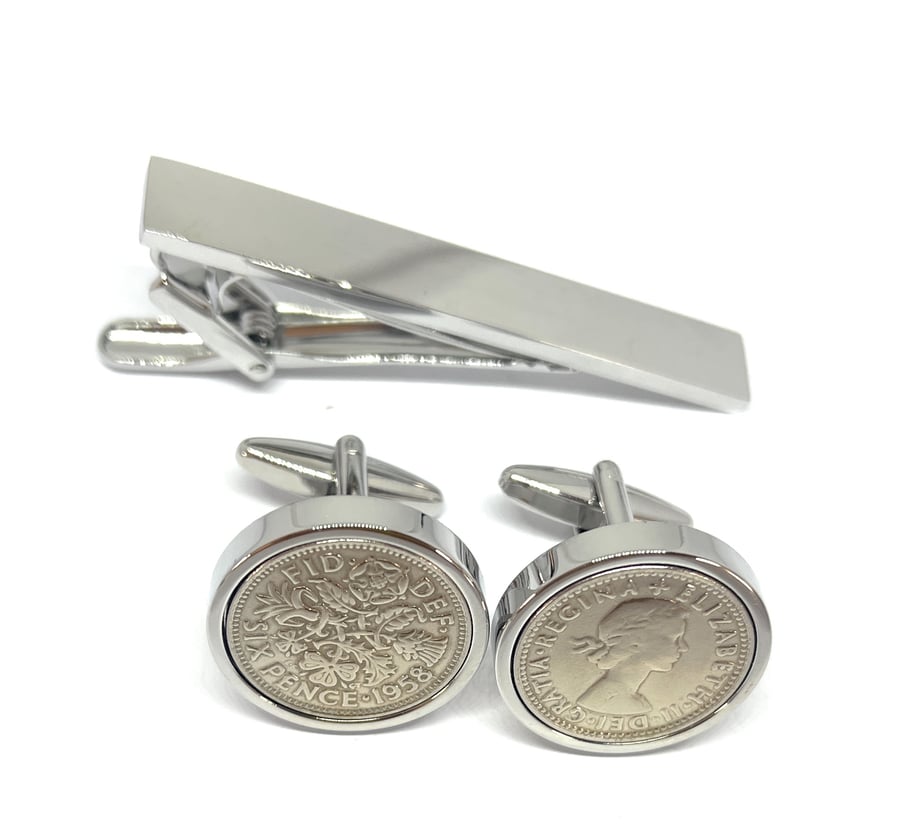 1958 Sixpence Coin Cufflinks Mens 66th Birthday Gift  Tie clip set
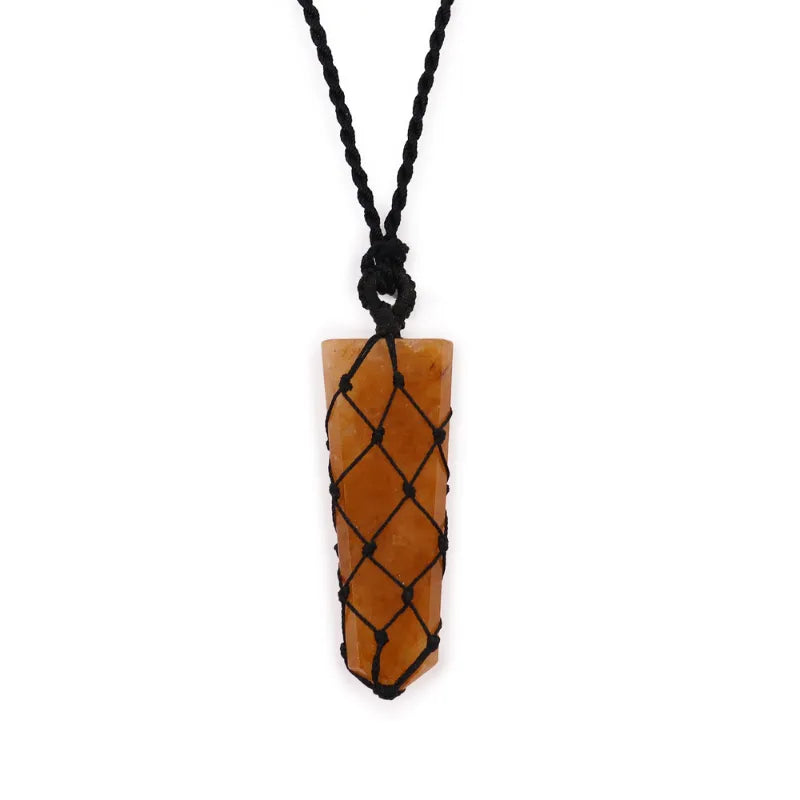 Adjustable Macrame Necklace and Natural Stone Pendant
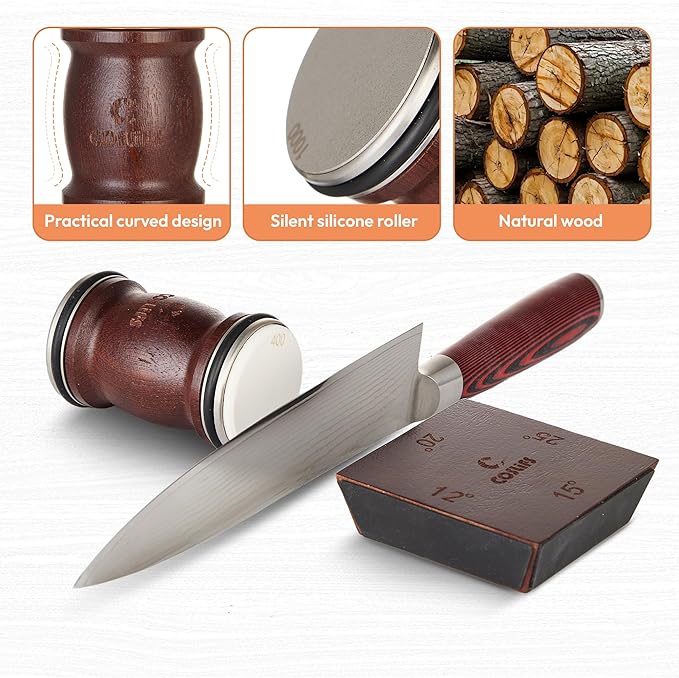 Rolling Knife Sharpener - Multi Angle Knife Sharpeners Tool Kit for Kitchen & Chef Knives, Diamond & Ceramic Honing Discs with 12°, 15°, 20°, 25° Magnetic Base - Manual Safe Roller Sharpening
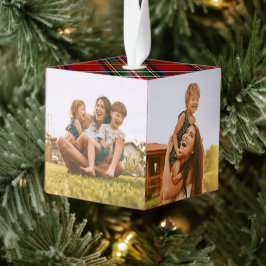 プレイドレッドグリーンファミリー写真スチュワートタータンチェック キューブオーナメント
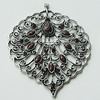Pendant, Zinc Alloy Jewelry Findings, Lead-free, Leaf 66x83mm, Sold by Bag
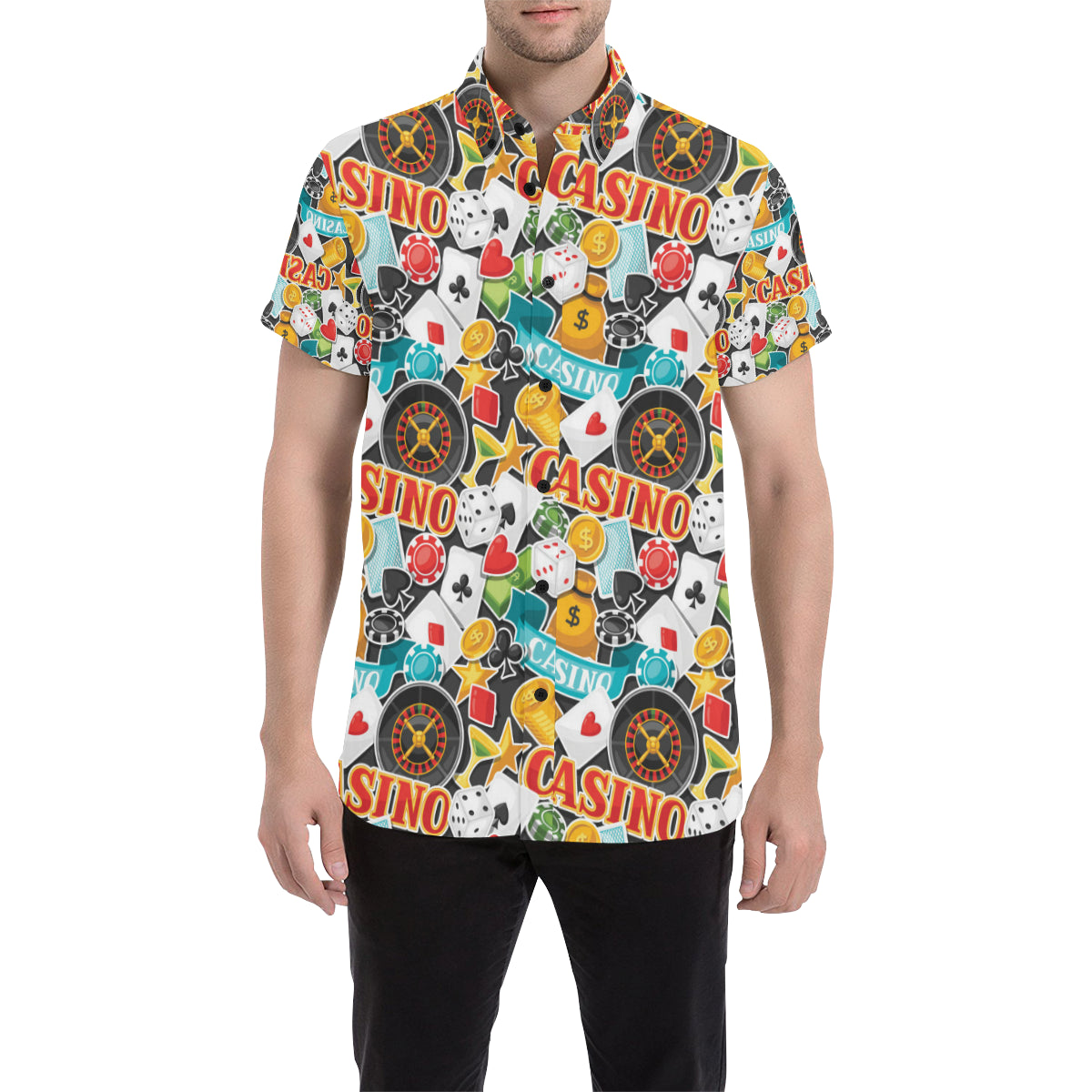 Casino Pattern Print Design 03 Men's Short Sleeve Button Up Shirt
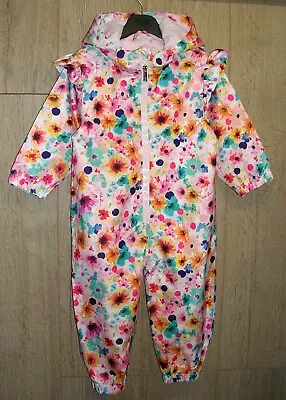 Ted Baker Girls Pink Floral Cotton Lined Puddle Suit Raincoat Age 12-18 Months • £22.99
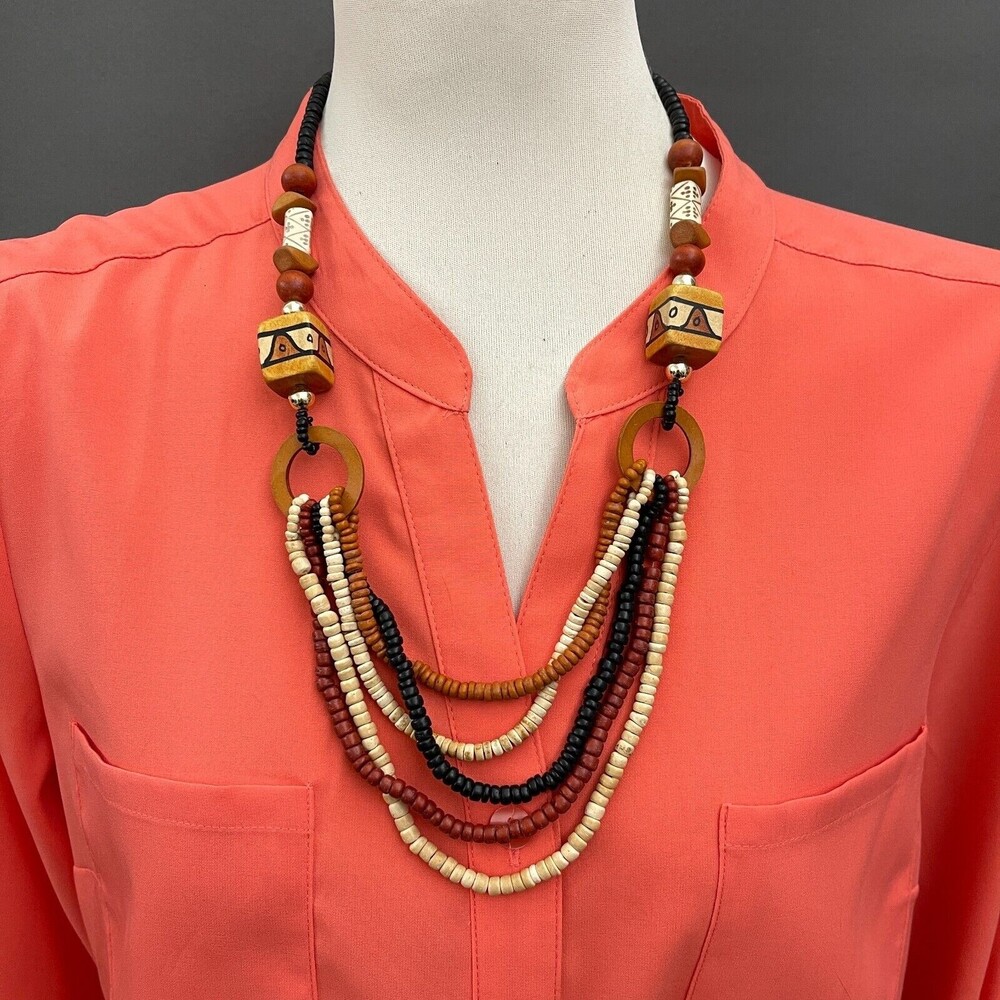 Wooden Beads Gold-tone Black Beige Orange Brown Tribal Boho Fashion Necklace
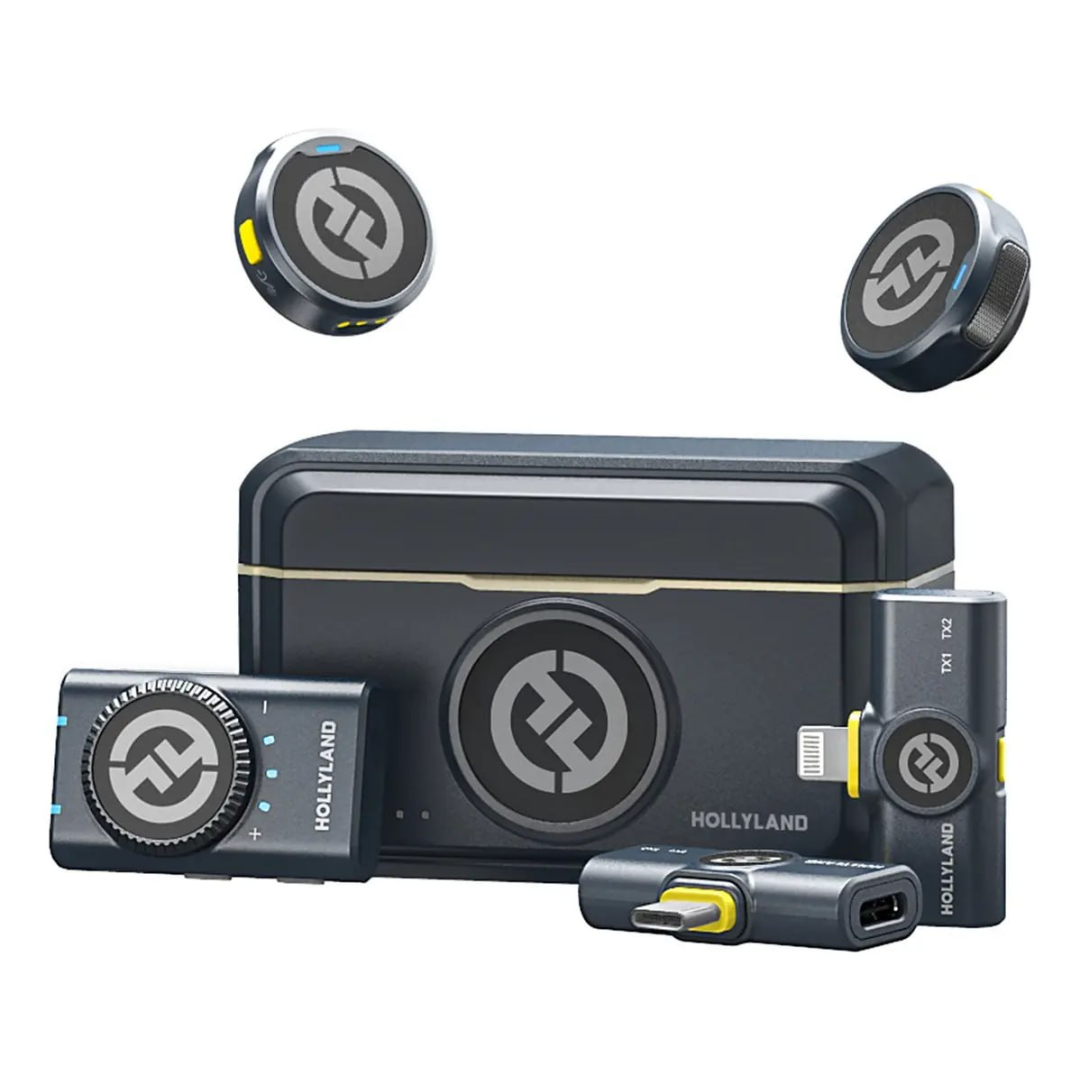 Microfone Lapela Hollyland Lark M2 Combo Duplo USB-C, Lightning e Camera preto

_Work task_
Given the listing above, return exactly, and only, the lines from the line with "Adjustable Macrame Necklace" through its final line, both included, with the pictures removed.

_Written response_
 Adjustable Macrame Necklace and Natural Stone Pendant
 Rolling Knife Sharpener - Multi Angle Knife Sharpeners Tool Kit for Kitchen & Chef Knives, Diamond & Ceramic Honing Discs with 12°, 15°, 20°, 25° Magnetic Base - Manual Safe Roller Sharpening
 プレイドレッドグリーンファミリー写真スチュワートタータンチェック キューブオーナメント
Pendant, Zinc Alloy Jewelry Findings, Lead-free, Leaf 66x83mm, Sold by Bag
 Casino Pattern Print Design 03 Men's Short Sleeve Button Up Shirt
 Ted Baker Girls Pink Floral Cotton Lined Puddle Suit Raincoat Age 12-18 Months • £22.99
 Wooden Beads Gold-tone Black Beige Orange Brown Tribal Boho Fashion Necklace
 Microfone Lapela Hollyland Lark M2 Combo Duplo USB-C, Lightning e Camera preto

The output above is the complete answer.